Glossary Term
Antifouling Paint
Antifouling paint is the underwater coating applied to a yacht’s hull and niche areas to control the attachment of marine organisms. In yacht use, the term usually refers to the final submerged coating system selected to limit slime, weed, and hard fouling during service. Its purpose is functional as much as protective: a cleaner underwater surface preserves speed, efficiency, and handling while reducing the rate at which roughness builds up between dockings.
The regulatory framework behind the term comes from the IMO Anti-Fouling Systems Convention. That convention prohibits harmful organotin compounds in anti-fouling systems and provides a mechanism to control other harmful substances in the future. IMO also notes that anti-fouling paints are used to prevent organisms attaching to the hull, since fouling slows the ship and increases fuel consumption.

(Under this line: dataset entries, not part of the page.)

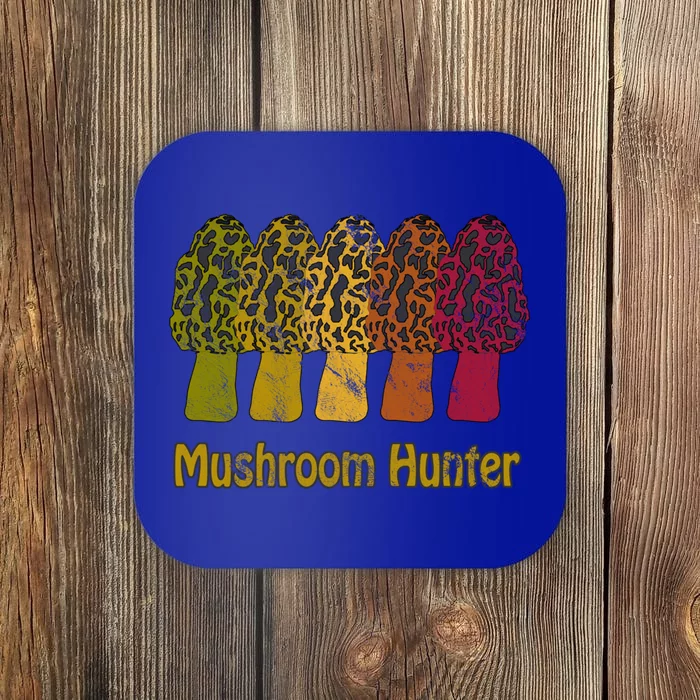 Mushroom Hunter Cute Gift Fun Morel Hunting Distressed Look Gift Coaster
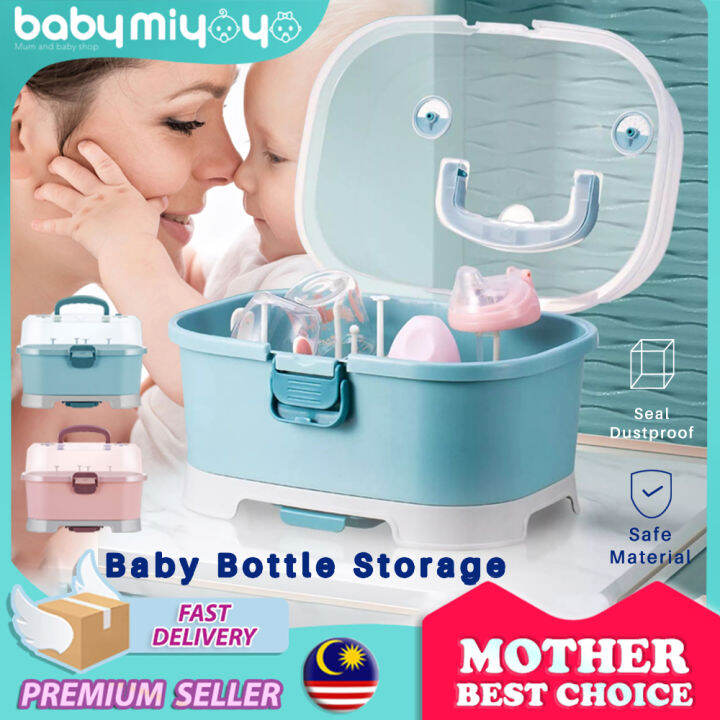Baby MiyOyO FC011 Large Capacity Baby Milk Bottle Storage Box Drying Rack with Cover Carry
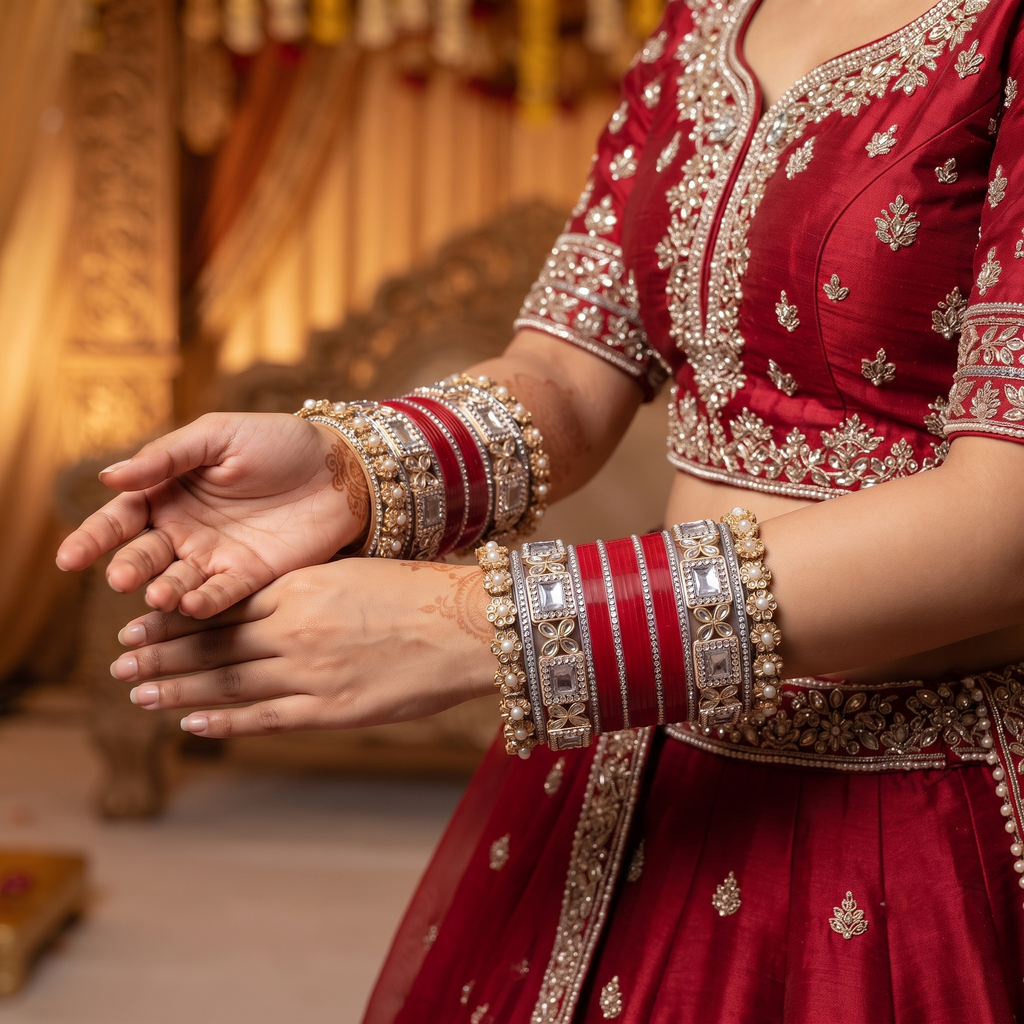 AYSIMA | Red Bridal Bangle Set for Women with Kada | 40 Pieces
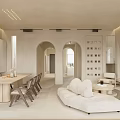 Minimalist Dining and Living Room Interior With Beige Sofa Dining Table Chairs and Fireplace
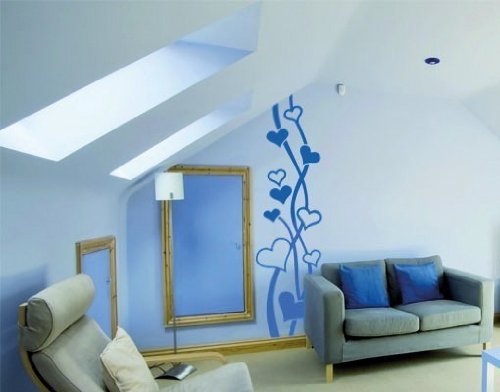 Abstract Heart Branch Wall Decal - Floral Wall Sticker, Vinyl Wall Art, Home Decor, Wall Mural - 2313 - Brown, 6in X 22in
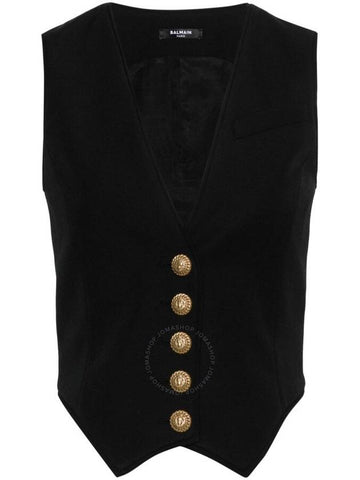 Balmain Black Virgin Wool Waistcoat Brand Size 38 US Size 6 - BALMAIN - BALAAN 1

For yachts, coating choice depends on operating profile as much as on product type. Time at anchor, warm-water lay-up, service speed, cleaning regime, and the condition of the substrate all influence how well the paint will perform. The coating only works properly when it sits over the correct preparation and build system, which is why antifouling renewal usually belongs inside a wider painting package.
When antifouling performance drops, the result is not limited to a dirty hull. Fouling increases drag, shifts the speed-power relationship, and can bring earlier cleaning, higher fuel burn, and a less predictable interval to the next docking.